Retraites : coup de théâtre

On repart de zéro
(Photo AFP)

En annonçant lundi soir à la télévision que la réforme des retraites devrait être axée sur la durée des cotisations et non sur l’âge pivot de départ, Emmanuel Macron a voulu lancer une bombe dont il espère que l’effet de souffle apaisera le débat.

LE PRÉSIDENT de la République a déjà touché les dividendes de son intervention. Il s’est subitement rallié la CFDT dont il a trop souvent écarté les propositions ; il a déstabilisé  ceux qui dénonçaient un système purement comptable destiné à faire des économies ; il a soulevé un intérêt qu’il va transformer en vaste discussion nationale, comme il l’a déjà fait au moment de la crise des gilets jaunes.
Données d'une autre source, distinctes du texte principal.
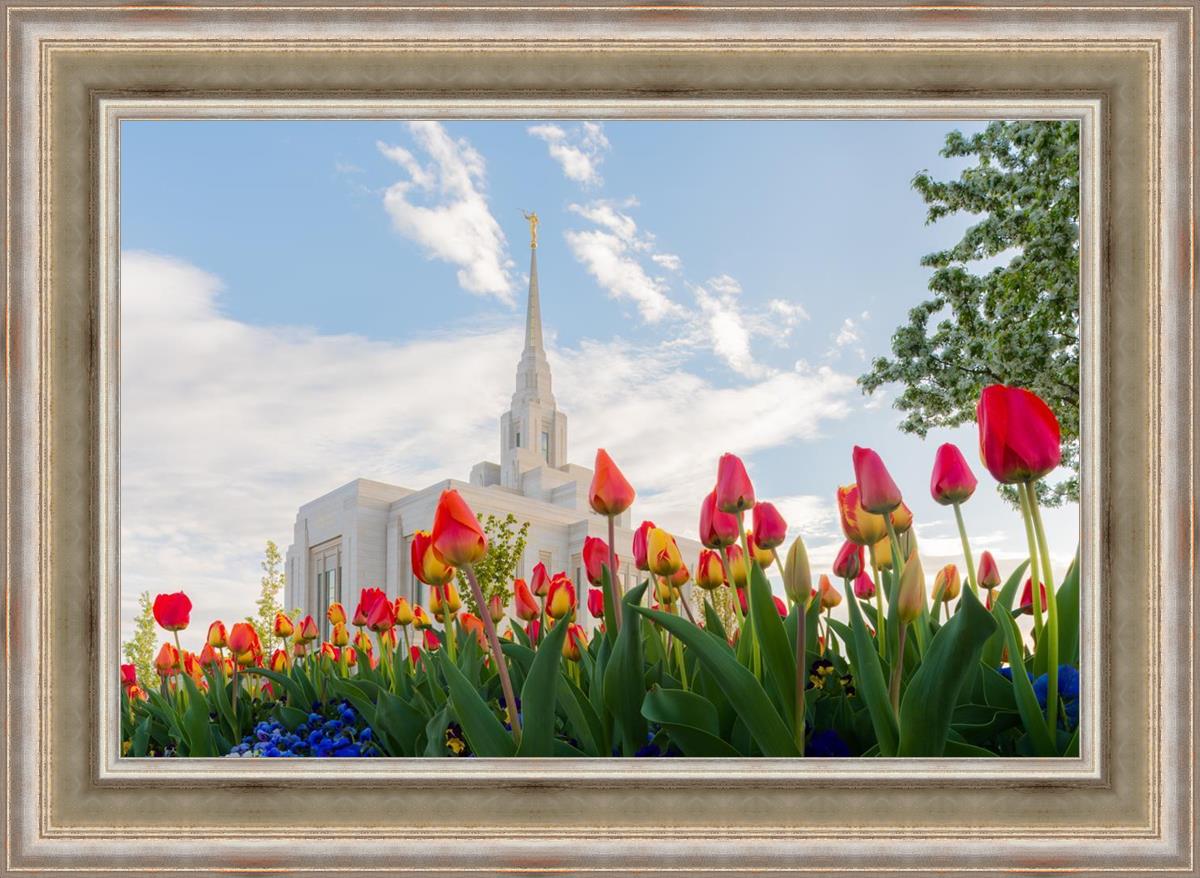 Ogden Flowers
Inutile de donner de savantes explications à ce geste imprévu. M. Macron s’attend à une rentrée difficile et il commence à prendre les dispositions politiques susceptibles d’empêcher une recrudescence des manifestations, du désordre et de la violence.

Paix sociale.

Mais contrairement à ce qui a été dit, il ne renonce nullement à la réforme, ne serait-ce que parce que des cotisations sur une durée plus longue se traduisent par un départ plus tard à la retraite, de la même manière que l’âge de 64 ans permettait de différer ce départ de deux ans. Un travailleur qui reste en activité un mois ou un an de plus, et a fortiori deux ans, est celui qui cotise au système de pensions et n’en retire aucune prestation. La CGT n’a pas manqué de rejeter la nouvelle proposition du chef de l’État. Le patronat, qui a réagi un peu vite, voit, dans la nouvelle idée de M. Macron, non seulement un revirement philosophique, mais une dangereuse initiative capable d’accroître rapidement le déficit des caisses de retraite. Le président, aujourd’hui, semble beaucoup moins s’intéresser aux « paramètres », c’est-à-dire à l’équilibre durable des comptes sociaux et davantage à la paix sociale.

Trouver dix milliards.

Qu’est-ce qui l’a fait changer d’avis ? Le feu protestataire dont les braisent couvent encore ; la nécessité, enfin reconnue et mise en pratique, de consulter les syndicats et de trouver un compromis au moins avec la CFDT ; le besoin, pour l’acte II du quinquennat, de dégager l’espace politique et de permettre au gouvernement de travailler sur ses réformes dans un climat moins tendu. Il n’est pas impossible que la prise de conscience des réalités nationales limite la profondeur de la réforme des retraites. Mais, en principe, M. Macron ne renonce ni à l’unification des régimes, ni à l’abolition des régimes spéciaux, ni à l’équilibre des comptes. L’horizon est chargé : si rien n’est fait, il manquera 10 milliards d’euros au financement des pensions en 2025 et l’évolution démographique du pays ne joue pas en faveur d’une augmentation des recettes (cotisations). On peut tourner l’objet dans tous les sens, il est évident que, en dernier ressort, il faudra trouver de nouveaux moyens de financement qui reposent uniquement sur la prolongation des carrières.

Un habillage politique.

La retraite par points, déjà appliquée pour les cadres depuis très longtemps, est un impératif catégorique, même si les syndicats continuent de s’y opposer farouchement. Ils savent bien en effet que le montant des pensions dépend de la valeur du point, qui n’est pas fixée et à propos de laquelle quelques centimes de plus ou de moins entraîneront soit un excédent, soit un déficit. Le succès de la réforme des retraites sera certes assuré par l’équité pour tous (ce qui menace les régimes spéciaux, inégalitaires dans leur concept même), mais encore plus d’un équilibre général des comptes. M. Macron entend donner à la réforme un habillage qui la rendrait acceptable. Sa stratégie consiste à attirer dans ses rets la CFDT, syndicat réformiste. Cela suffira-t-il à calmer les hordes de protestataires? Rien n’est moins sûr.